In today’s Gospel we have the introductory verses from the famous parable of Jesus of the loving father who had two sons. Again, we see the active and loving merciful initiative of the loving father to reconcile his sons to each other and to him. The father is actively involved!

In the second reading from St Paul’s second letter to the Corinthians we now see that the Holy Spirit gives us the spiritual energy to advance towards the works of unity. We are “entrusted” with this Ministry of Reconciliation as well. It is “the love of Christ compelling us” on our journey to unity.

So let us enter our days together in this Receptive Ecumenical Conference knowing that we first of all need to be receptive in listening to God’s initiative in our midst. It is the Holy Spirit who is the principle agent for ecumenical change. This sets up a real attitude in our hearts to be receptive in listening to each other.

Two more recent examples in my own personal life about Receptive Ecumenism come to mind.

Earlier this year in July I was in Rome to attend a plenary council meeting of a Vatican agency of which I am a member. I came a few days early to attend the 50th Anniversary of the Charismatic Renewal hosted by Pope Francis. There was a very big prayer vigil I attended at the Circus Maximus one balmy Saturday evening along with 70,000 others!

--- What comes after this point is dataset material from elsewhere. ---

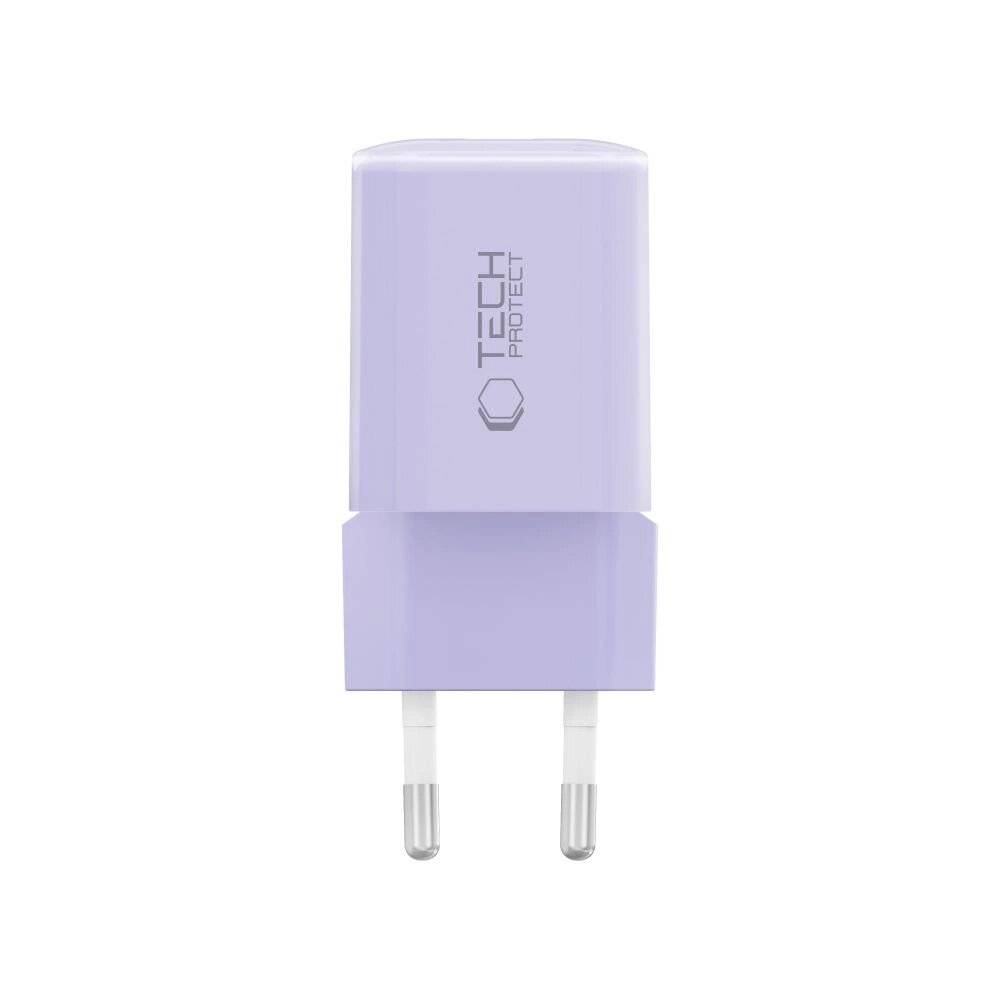 Tech-Protect NCM33 PD 33W QC3.0 USB-C / Wandladegerät - Lila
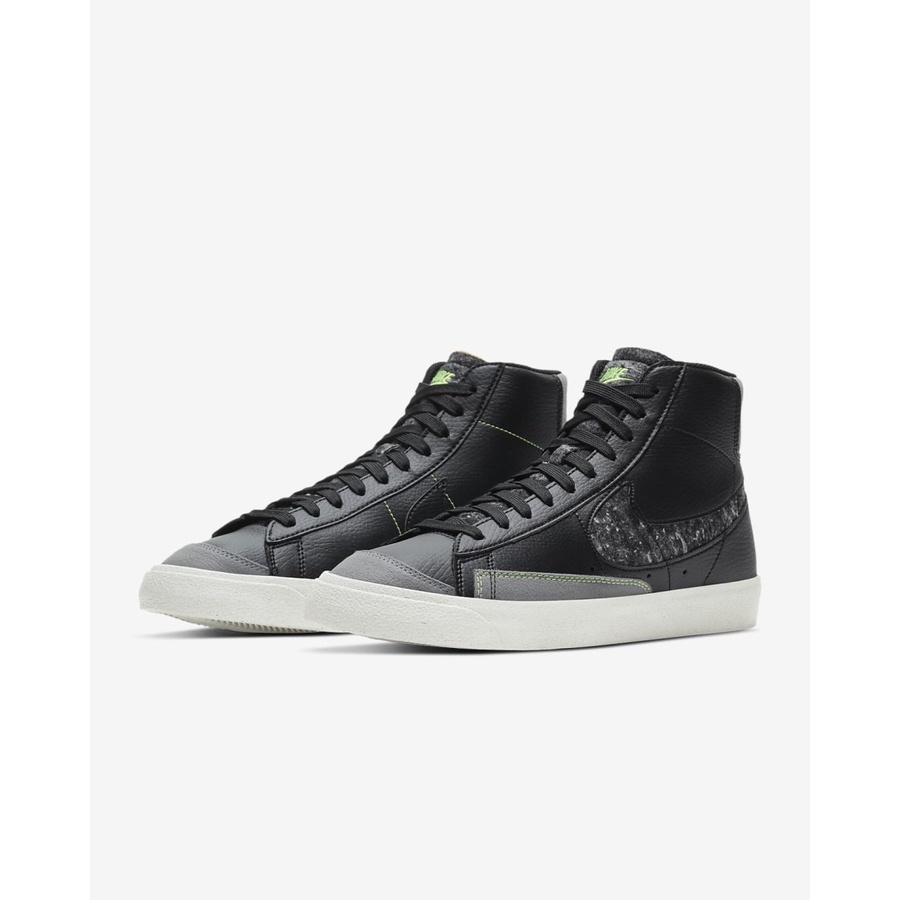 NIKE BLAZER MID 77 VINTAGE RECYCLED BLACK SMOKE GREY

I was overjoyed to see how Pope Francis was gathered with so many different Christian leaders, particularly Pentecostal leaders.

It hasn’t been so long ago, even in my own lifetime, when Pentecostals would refer to the Pope in language other than what he is commonly called as the “Holy Father”! But the Holy Spirit is at work! He is turning our hearts to each other. Indeed, during this prayer vigil, it seemed almost as if the Pope was asking the Pentecostal leaders to share with the Catholic Church more about, using the technical theological language, pneumatology. And it seemed that the Pentecostal leaders were in one way or another, again using more technical theological language, asking the Holy Father to teach them more about ecclesiology! What a wonderful world we are in.

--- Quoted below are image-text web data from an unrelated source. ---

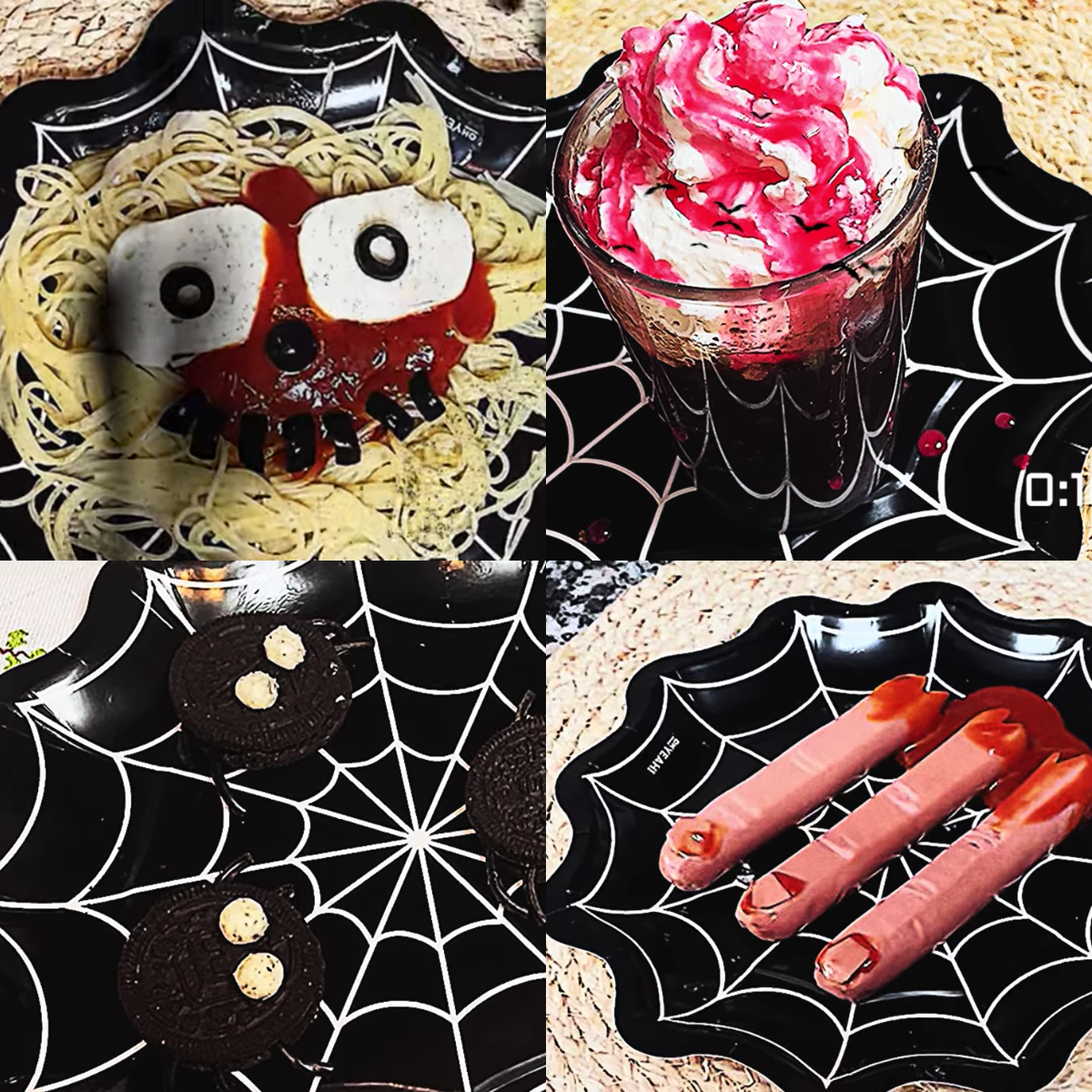 recetas para halloween con pasta, salchichas, galletas...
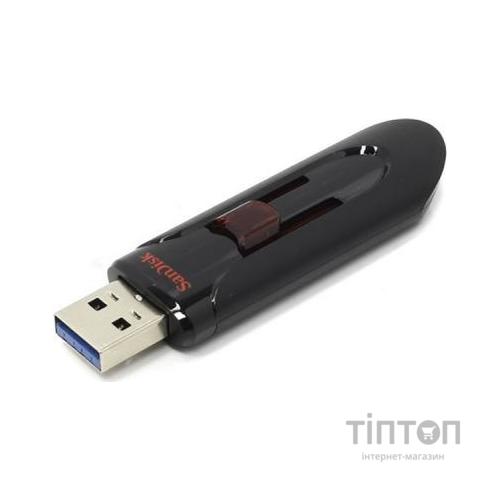 USB флеш 32Gb SanDisk Cruzer Glide чорний/червоний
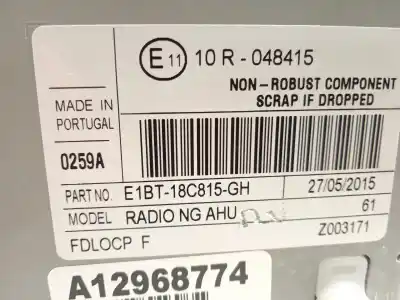 Автозапчасти б/у аудиосистема / радио cd за ford c-max (ceu) trend ссылки oem iam e1bt18c815gh  2342466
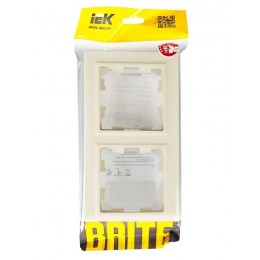 Рамка 2-м IP44 BRITE РУ-2-БрКр-44 беж. IEK BR-M22-44-K10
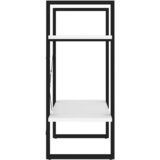 Ormarić za knjige 2 razine bijeli 60x30x70 cm konstruirano drvo | shoptok.hr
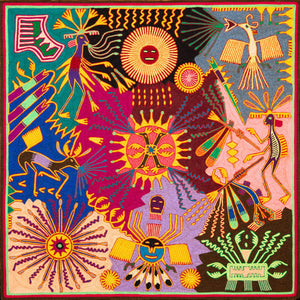 Huichol Yarn Painting Print • L - 345 - Huichol Arts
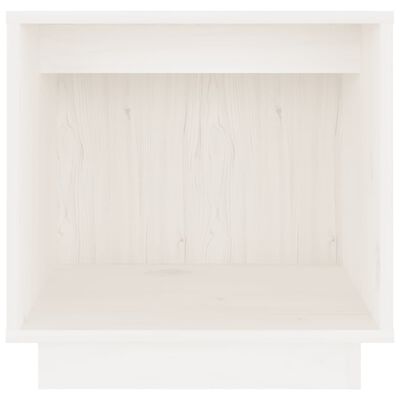 vidaXL Noční stolky 2 ks bílé 40 x 30 x 40 cm masivní borové dřevo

And then secondly, about a year ago, I was in Alice Springs, in the centre of Australia, for a gathering with Christian Aboriginal leaders. There were about 100 of us. Over three days we shared four words together and saw these words explained through our own Traditions.

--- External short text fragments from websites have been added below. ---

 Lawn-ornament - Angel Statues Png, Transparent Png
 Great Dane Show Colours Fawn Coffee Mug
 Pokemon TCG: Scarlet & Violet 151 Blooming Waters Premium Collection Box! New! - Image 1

There was a lot of listening, a lot of commonality and many fresh insights. I remember one of the words that we discussed was the word “symbolism”. The Aboriginal theologically trained leader shared what that meant from her perspective, and I, on behalf of the theological Christian leaders, shared what that might mean from our own theological Tradition. After a period of time we then shared what we learnt from each other’s input. It was a deep listening and lovely atmosphere of communion.

So it seems that Receptive Ecumenism, whether it be articulated strongly theologically as it will be over these few days of the conference, or as it’s happening subliminally in more pastoral ways, is a means by which the Holy Spirit is drawing us all together on the long journey towards unity.

Let us start our conference asking for the grace of listening attentively to each other in a spirit of humble conversion. This is what the Lord would surely want. Ultimately it is to fulfil the Lord’s greatest command, “That we love one another as He has first loved us”.